What will follow from such annexation? The support of American Jewry will continue to wane, though the Israel Lobby will remain loyal to the end. Israel’s alliance with Christian evangelicals and white supremacists will strengthen. International bodies like the EU and United Nations will continue their ineffectual remonstrations. Nevertheless, Israel will creep ever closer to ostracism on the world stage. The BDS movement will strengthen as one of the few effective grassroots campaigns putting its body on the line against apartheid.

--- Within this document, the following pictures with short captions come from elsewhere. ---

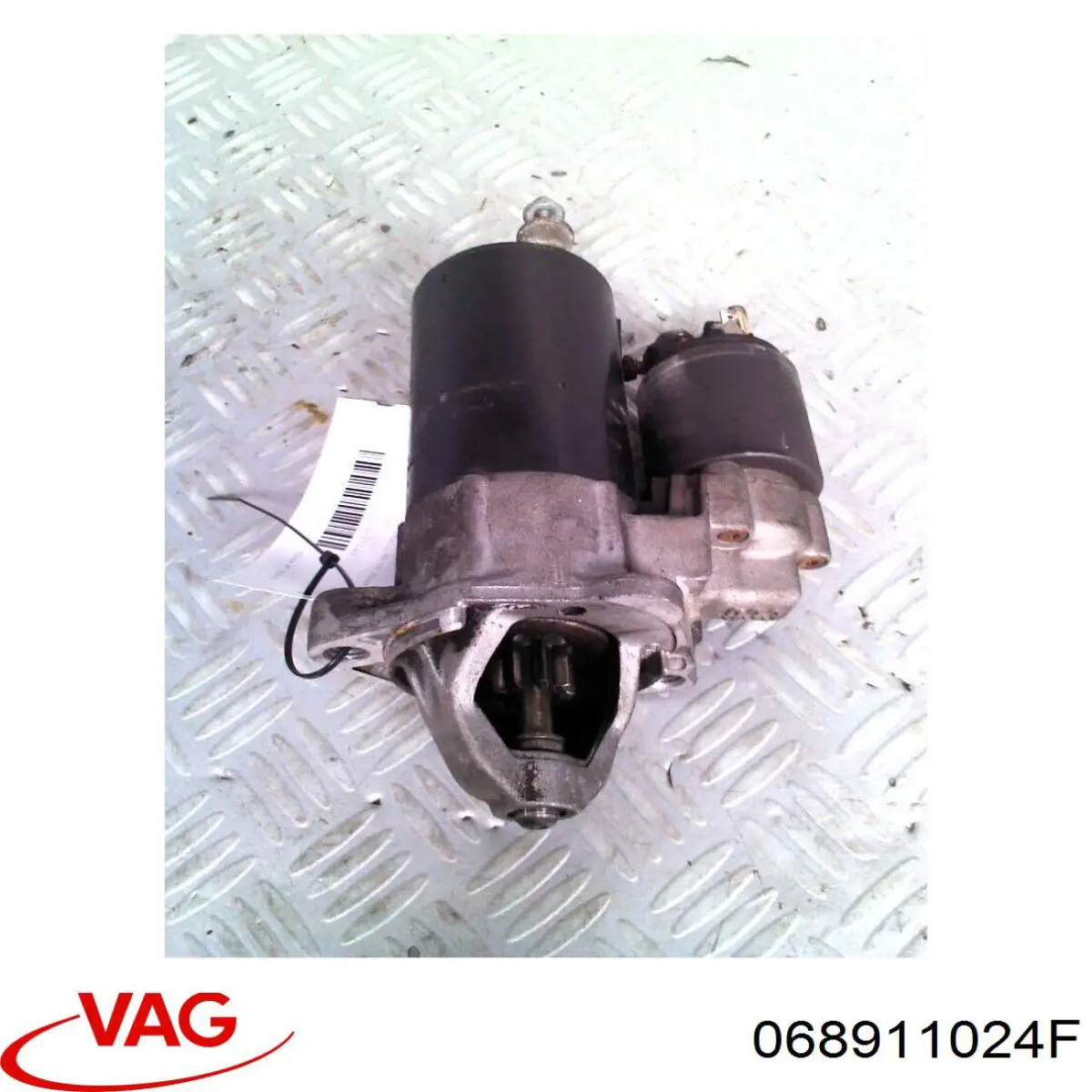 Купити 068911024F VAG Стартер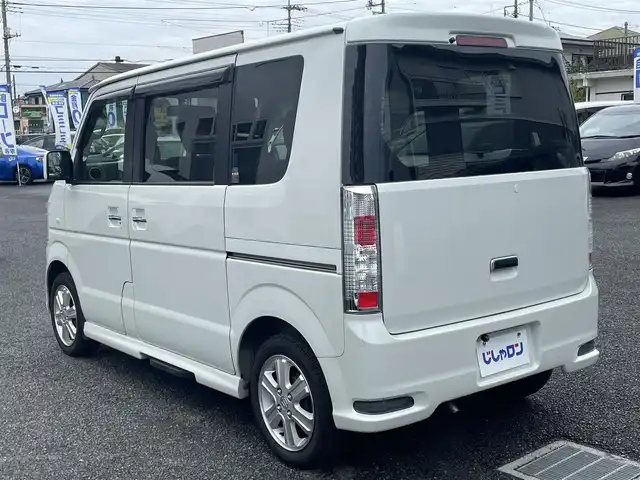 スズキ エブリィ ワゴン PZターボ スペシャル 埼玉県 2014(平26)年 5.6万km パールホワイト (株)IDOMが運営する【じしゃロン川越店】の自社ローン専用車両になります。こちらは現金またはオートローンご利用時の価格です。自社ローンご希望の方は別途その旨お申付け下さい/・社外ナビ(CD/DVD/SD)/・バックカメラ/・フルセグテレビ/・両側パワースライドドア/・オートステップ/・ETC/・リモコンキー/・フロアマット/・純正14インチアルミホイール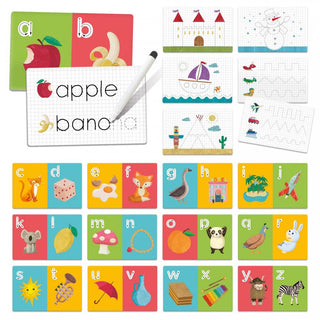 Headu Flashcards Little Boards Read and Write, Headu, cf-type-games, cf-vendor-headu, Color Flashcards, EB Baby, EB Boy, EB Boys, EB Girls, Flash Cards, Flashcards Little Boards Read and Writ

Annexation seems inevitable. It will lead, inexorably, as Ross predicts (rather feebly) to a one-state solution. It, of course, will not be a democratic solution. Israel would never permit full equality to all Palestinians (inside Israel and the Occupied Territories). IT will concoct an apartheid solution that would have made the Boers proud. As we proceed down the road to Palestinian bantustans, what will happen? My belief is that a house divided against itself cannot stand. Just as the Berlin Wall fell after fifty years of Communist rule; and Jim Crow dissolved after 80 years of Southern white domination; and Northern Ireland created a power-sharing arrangement that resolved 40 years of sectarian violence, eventually apartheid Israel must fall under the burden of its internal contradictions.
Martin Luther King famously said: “the arc of the moral universe is long, but it bends toward justice.” The question the world must answer in regard to Israel-Palestine is: does the arc bend or does it snap?